## PROBLEM
There is a line containing "Ride Clear of" in the records below. Repeat it and every line after it, exactly, through the final line, but no pictures.

## Stored dataset items
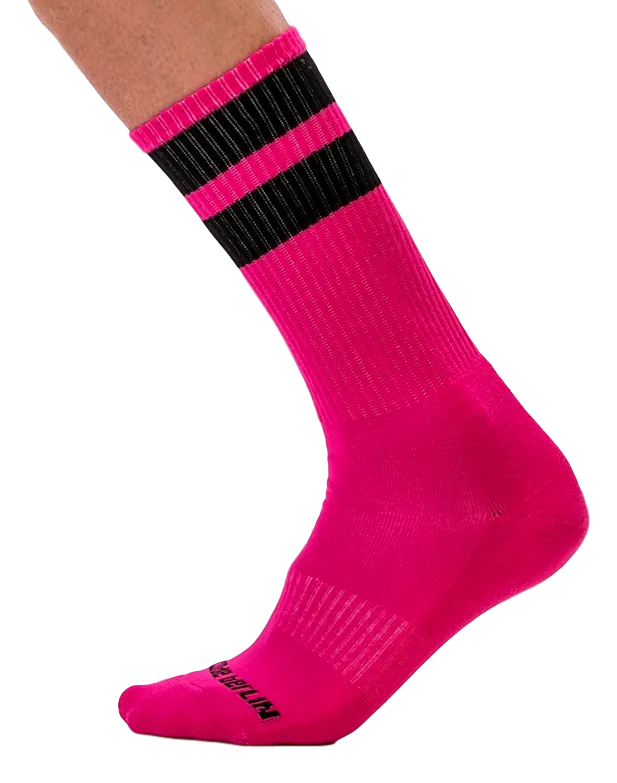 Barcode Berlin Chaussettes GYM SOCKS Rose-Noir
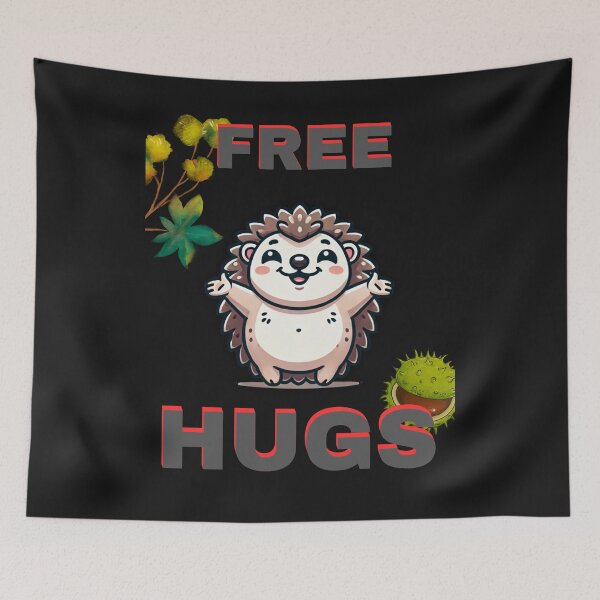 Item preview, FREE HUGS / hedgehog designed and sold by damik1984.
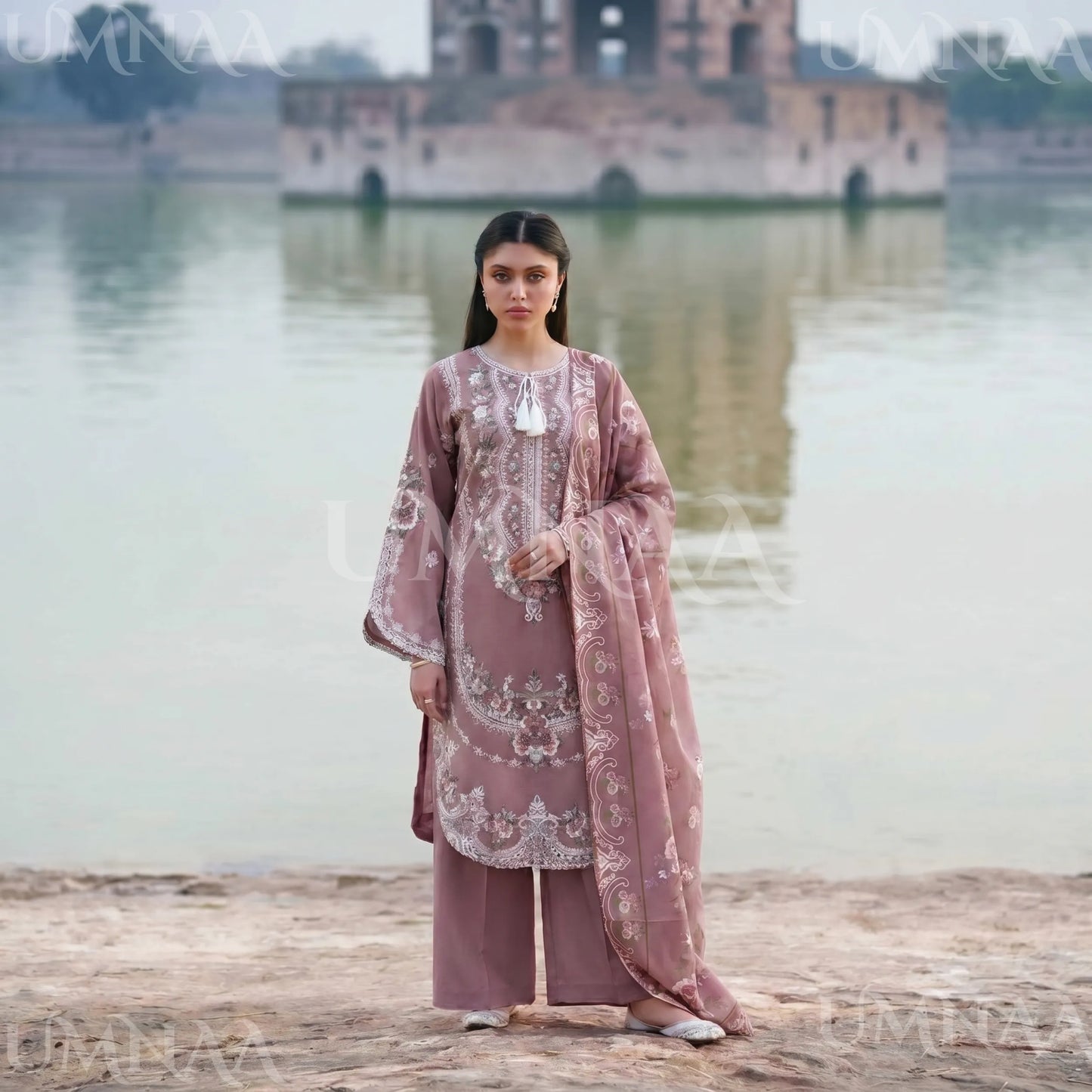 UA-193 Embroidered Cotton Collection 3 Piece | Ready to Wear | Asian clothes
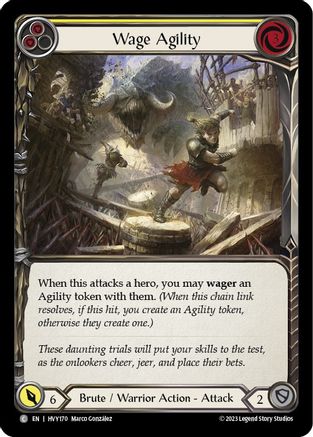 Wage Agility (Yellow) (HVY170) [Heavy Hitters] Rainbow Foil - Deck Out Gaming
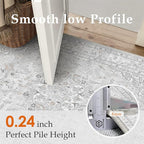 Grey 5x7 Area Rug Washable Vintage Carpet - Image 8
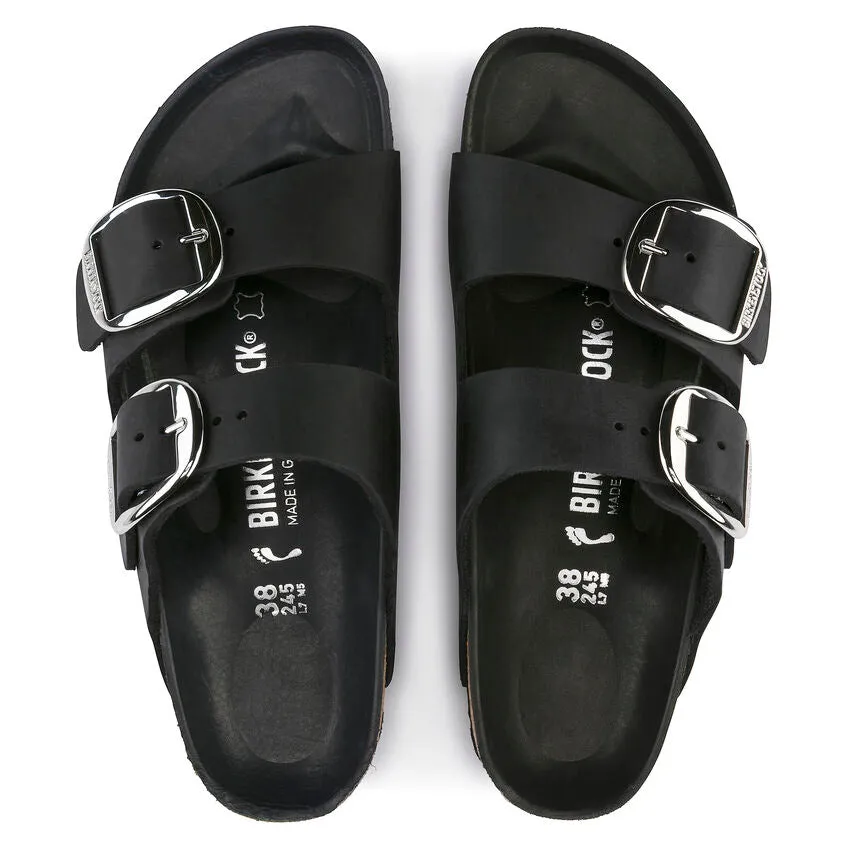 Arizona Big Buckle Oiled Leather - Black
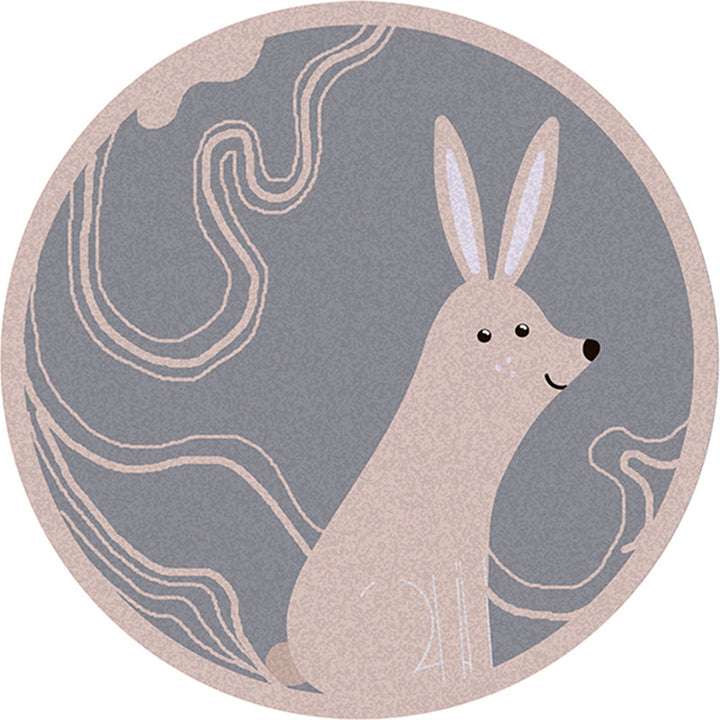 BowLift | Simple Decoration Mat Multicolored Cartoon Rug Polyester Pet-Friendly Non-Slip Back Mat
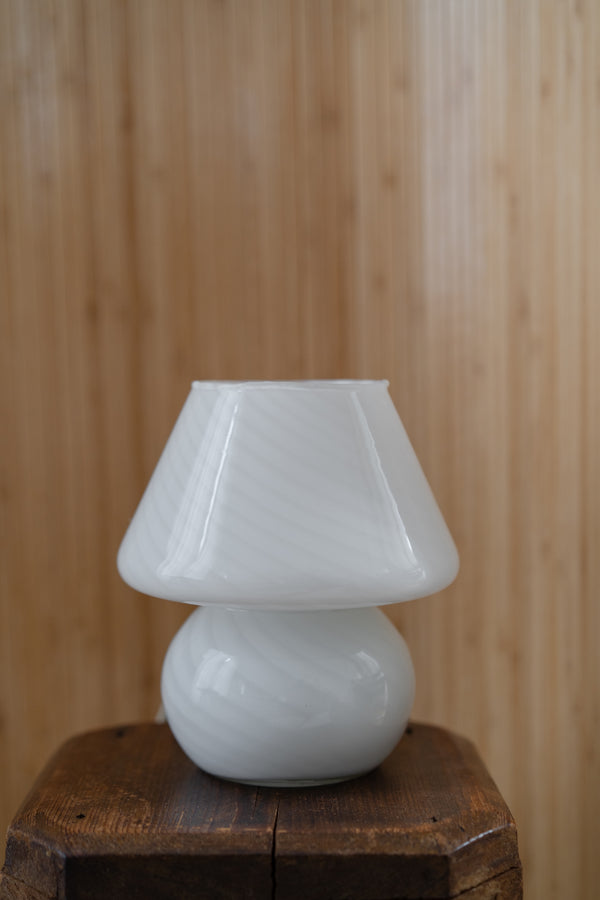 Baby Swirl Murano Mushroom Lamp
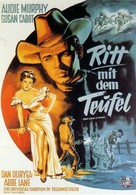 Ride Clear of Diablo - German Movie Poster (xs thumbnail)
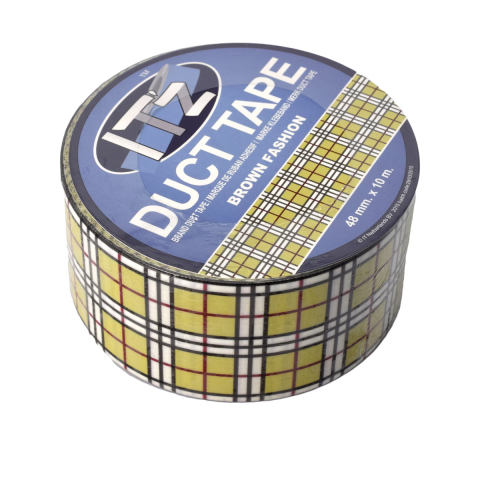 Birotica & Papetarie - Banda adeziva Itz Duct Tape, 10 m x 4.8 cm, Brown fashion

## EXPECTED OUTPUT
 Ride Clear of Diablo - German Movie Poster (xs thumbnail)
 Birotica & Papetarie - Banda adeziva Itz Duct Tape, 10 m x 4.8 cm, Brown fashion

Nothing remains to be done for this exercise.